Comprehensive Study of the Current-Induced Spin-Orbit Torque Perpendicular Effective Field in Asymmetric Multilayers

The spin-orbit torques (SOTs) in the heavy metal (HM)/ferromagnetic metal (FM) structure hold promise for next-generation low-power and high-density spintronic memory and logic applications. For the SOT switching of a perpendicular magnetization, an external magnetic field is inevitable for breaking the mirror symmetry, which is not practical for high-density nanoelectronics applications. In this work, we study the current-induced field-free SOT switching and SOT perpendicular effective field (H-z(eff)) in a variety of laterally asymmetric multilayers, where the asymmetry is introduced by growing the FM layer in a wedge shape. We show that the design of structural asymmetry by wedging the FM layer is a universal scheme for realizing field-free SOT switching. Moreover, by comparing the FM layer thickness dependence of (H-z(eff)) in different samples, we show that the efficiency (beta = H-z(eff) /J, J is the current density) is sensitive to the HM/FM interface and the FM layer thickness.
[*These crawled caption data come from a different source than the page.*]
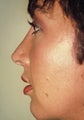 Chin Augmentation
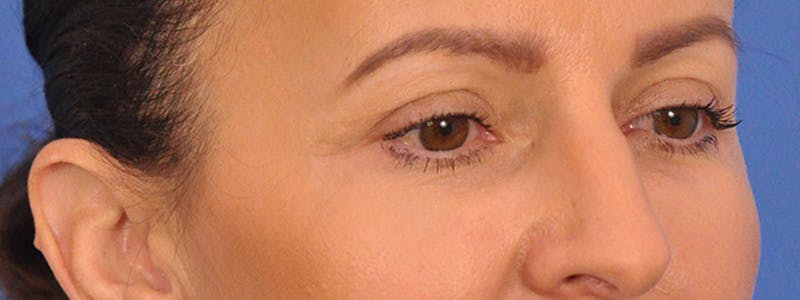 Blepharoplasty Before & After Gallery - Patient 148824 - Image 6
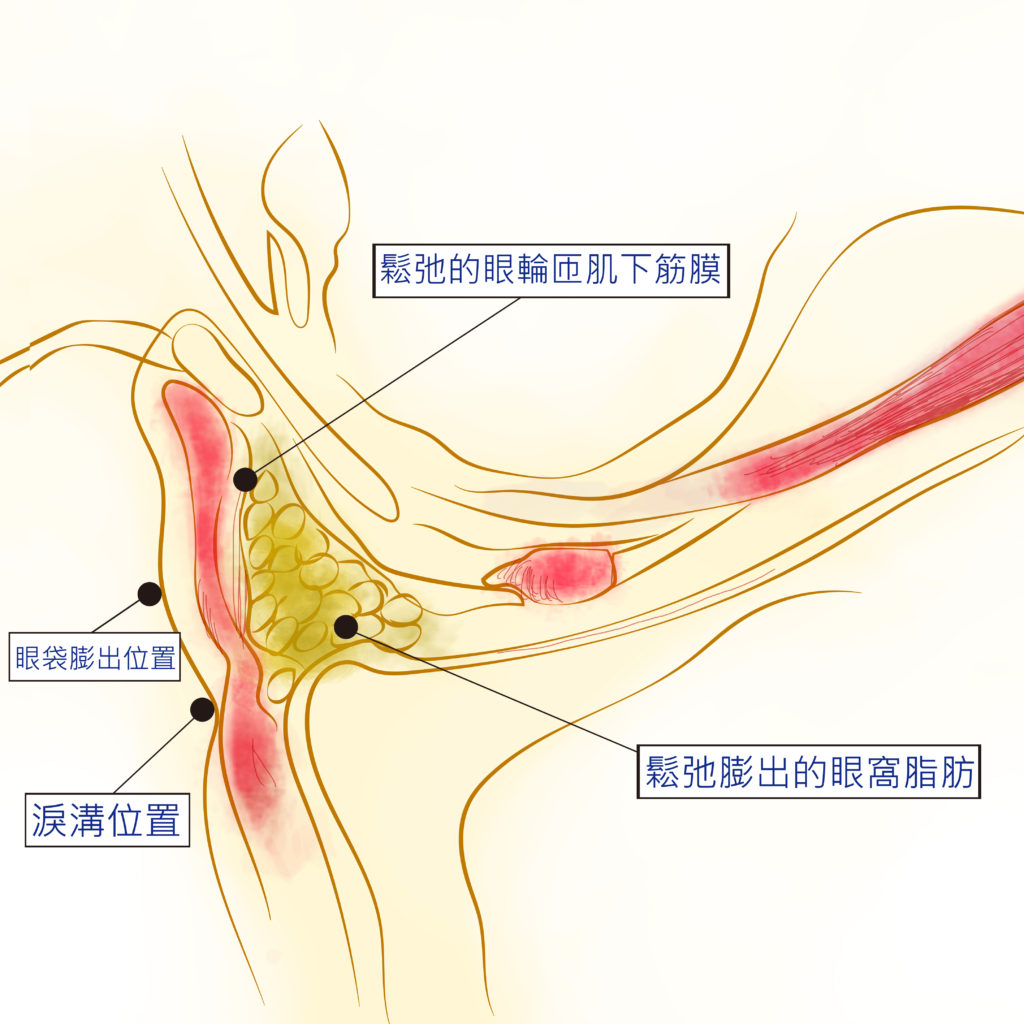 張世幸醫師｜內視鏡運用　前額拉皮還能算是「大」手術嗎？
The sign of beta for thin FM thicknesses is related to the spin Hall angle (theta(SH)) of the HM layer attached to the FM layer. beta changes its sign with the thickness of the FM layer increasing, which may be caused by the thickness dependence of the work function of FM. These results show the possibility of engineering the deterministic field-free switching by combining the symmetry breaking and the materials design of the HM/FM interface.